Kodi Community Forum

Full Version: Identifying duplicate movies
You're currently viewing a stripped down version of our content. View the full version with proper formatting.
Pages: 1 2 3
Hello all,

To be clear, my post is about people who actually have multiple copies of the same content, in different filenames or formats across their filesystem, not people who only have one copy of a file and it's listed multiple times (I've had that problem too)
I'm curious what the best way to find such files would be within XBMC?
Example :
Quote:S:\Movies\Ghostbusters (1984).mkv
and
H:\Movies\Ghostbusters.AVI

Yes, you'll see the movie listed twice in the movie view but this means scrolling through your entire collection (alphabetically). If you've got a large collection, this is not ideal.
Presumably, the best way to identify the movies would be based on what they match to in the database, example both copies above would of course match to http://www.imdb.com/title/tt0087332/

I know this has been discussed a few times, is there a definitive solution to this yet? (I realise it's "the users fault" of course) - but it would be nice if there was an easy fix, a plugin or something.
There's an add-on that does this (although I can't recall the name), or there's the script in my sig - use the "duplicates" option.

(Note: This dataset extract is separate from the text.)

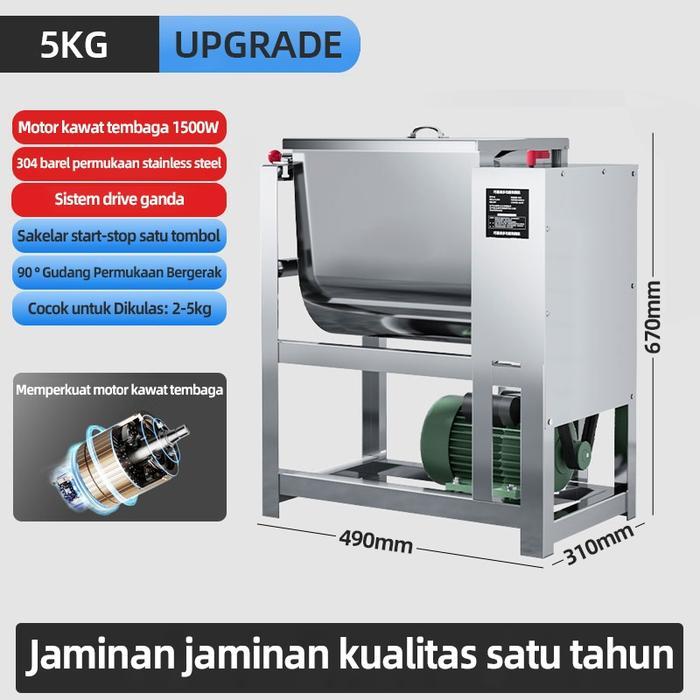 Mixer Adonan Multifungsi Mixer Komersial 5 10 15 25Kg Kapasitas Besar Mixer Adonan Komersial Otomati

The script matches movies based on imdbnumber.
I can't seem to find one and I did a search - but I'm not entirely sure how to get yours running - I looked at it once and it looks awfully complex to install?
@AbRASiON

I prefer to use separate tools for this kind of thing.

I've written a powerful library management tool called VideoExplorer, that you can download free here:

http://forum.xbmc.org/showthread.php?tid=181785

That will allow you to rapidly identify duplicates in your collection because you can navigate very fast and group and sort on the main grid.

You've also actually got me thinking about adding an explicit feature to it to find duplicates for you. I will think about that and maybe even add a feature to do that.
@AbRASiON

I'm releasing v3.0.0.31 of VideoExplorer now and I've built in a feature to isolate duplicates.

If you load your entire library into VE now, then right click the main menu, you will find an option on the menu called "Show Duplicates Only".

That will do what you are looking for instantly.

From my release notes:

2. Added new "Show Duplicates Only" option to the right click menu on the main grid.

This will filter the items currently on the grid to show only items that have duplicates.

This uses the Metadata TITLE tag from the nfo file for each movie to determine duplication and it ignores Trailers and any movie with a NULL or Empty string as the Title.
Hi thanks,

So it will identify the duplicate based on the TITLE - I don't use an NFO file - I use a MySQL database for my library (2100 movies) - I take it if "Lord of the Rings: Return of the King" is listed in the database twice

C:\Return of the King,AVI
and
X:\Movies\Lord of the Rings - Return of the King.MPG

it will identify that as a dupe (we're going to assume for the sake of this thread that my movies are actually correctly matched to what they are of course?
Also the logical thing to do is to present the information in a format which includes the filename of the movie somehow - even if it requires pulling up more information? - I mean, I'm not going to be stupid enough to blindly delete based on jsut your program, I'm going to double check Smile but it'd be nice if I didn't have to alt-tab to confirm right?
@AbRASiON

1. My app does not look at the MySQL database at all, it works with the source material.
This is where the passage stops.